Later, he doubles down: “I cannot point to even one thing being necessarily true.” (Source: Is There a God? | Aron Ra Vs Jake Brancatella MuslimMetaphysician, Modern-Day Debate on YouTube, 1:29:35) Such claims strike at the heart of reason itself. If nothing is necessarily true, how can one meaningfully call anything absurd? Jake Brancatella’s retort — questioning how the Jonah story could be called “absurd” without appealing to any necessary standard — reveals the self‑refuting nature of denying necessity. This essay will show that repudiating necessary truth leads inevitably to incoherence.
II. Defining Necessary Truth and the Law of Non‑Contradiction
A necessary truth is a proposition true in all conceivable circumstances. For instance,
$$
2 + 2 = 4
$$
holds in every possible world; symbolically, we write \(\Box(2+2=4)\). The Law of Non‑Contradiction (LNC) states that no proposition \(P\) can be both true and false in the same respect at the same time:
$$
\neg (P \land \neg P).
$$
These principles are not mere conventions; they undergird coherent discourse, scientific reasoning, and any claim to knowledge.
III. Aron Ra’s Statements: A Breakdown
Aron Ra’s two central assertions are:
- “Two plus two can equal five depending on higher values of five.”
- “I cannot point to even one thing being necessarily true.”
By invoking an ambiguous “higher mathematics,” Ra conflates abstract redefinition with truth relativism. One can define a new operation “\(\oplus\)” such that \(2 \oplus 2 = 5\), but this does not negate that, under standard arithmetic, \(2 + 2 = 4\).

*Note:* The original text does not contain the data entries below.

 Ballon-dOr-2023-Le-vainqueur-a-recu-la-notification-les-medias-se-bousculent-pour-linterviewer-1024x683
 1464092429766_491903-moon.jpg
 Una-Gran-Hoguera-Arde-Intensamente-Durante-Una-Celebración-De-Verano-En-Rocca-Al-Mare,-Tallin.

Ra’s tactic invites confusion: it erodes the distinction between inventing new symbols and denying the underlying necessity of existing truths.

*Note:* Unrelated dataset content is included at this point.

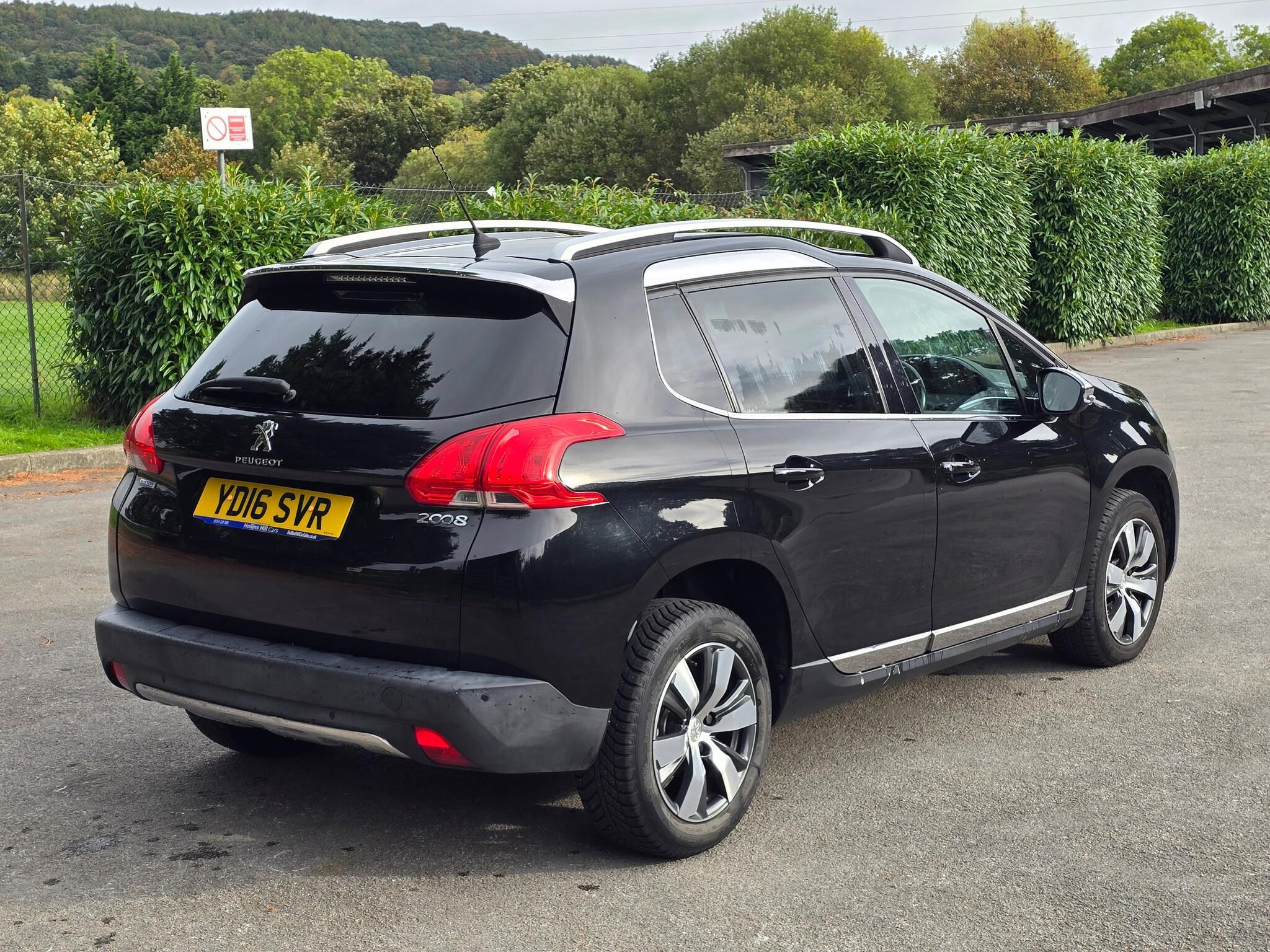 Peugeot 2008 - Image 18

IV. The Jonah Moment: The Self‑Refuting Nature of Ra’s Position
During the debate, Ra dismisses the biblical Jonah narrative as “absurd.” Brancatella immediately asks: “On what basis are you calling it absurd, if you deny all necessary truths?” Labeling something absurd presupposes standards — logical or empirical — by which absurdity is judged. Yet if no proposition is necessarily true, no such standard can coherently exist. Thus, Ra’s denunciation of absurdity collapses into incoherence: he relies on the very necessities he claims to reject.
V. Philosophical Implications of Rejecting Necessary Truth
Denying necessary truths ushers in:
- Radical skepticism: If no statement is secure, all beliefs become equally baseless.

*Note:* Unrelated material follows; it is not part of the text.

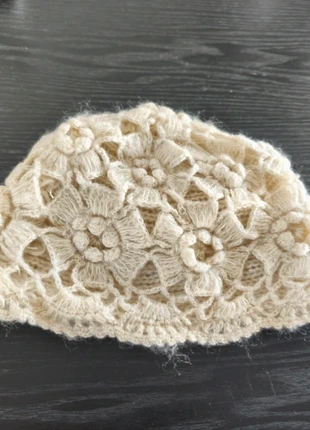 Bonnet style bohème beige en laine état neuf, merk: Inconnu, staat: Nieuw zonder prijskaartje, maat: S, € 2,50, € 3,33 inclusief Kopersbescherming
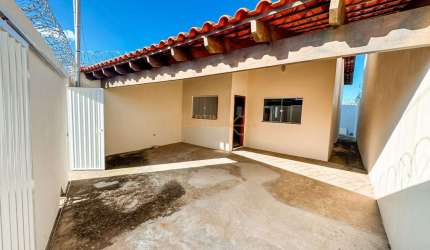 Casa à venda no bairro Independência - Araguari/MG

- Epistemic nihilism: Knowledge itself loses meaning when certainty vanishes.
- Moral relativism: Ethical claims cannot be grounded if no truth is stable.
Historical echoes abound — from Greek sophists who denied objective justice to contemporary postmodernists who view truth as socially constructed. The warning is stark: this trajectory not only undermines logic but also threatens ethics and the possibility of shared meaning.
VI. Why Necessary Truth Must Be Defended
Foundational truths are inescapable. Even the attempt to deny them presupposes their framework. Mathematics and logic form the scaffolding of any argument:
- Rational argumentation relies on the unassailable structure of inference.
- Scientific progress depends on reproducible, necessary relationships — laws of nature.
- Ethical clarity requires some non‑arbitrary standard for right and wrong.
To abandon necessary truths is to relinquish the very tools by which we think, speak, and act coherently.
VII. Conclusion
Aron Ra’s pronouncements on arithmetic and necessity collapse under their own weight. By denying necessary truths, he sows the seeds of incoherence and self‑refutation. Objective truth — embodied in the law of non‑contradiction and necessary propositions — remains essential for any consistent worldview. We must defend these principles, not as unthinking dogma, but as the inescapable groundwork of reason and integrity.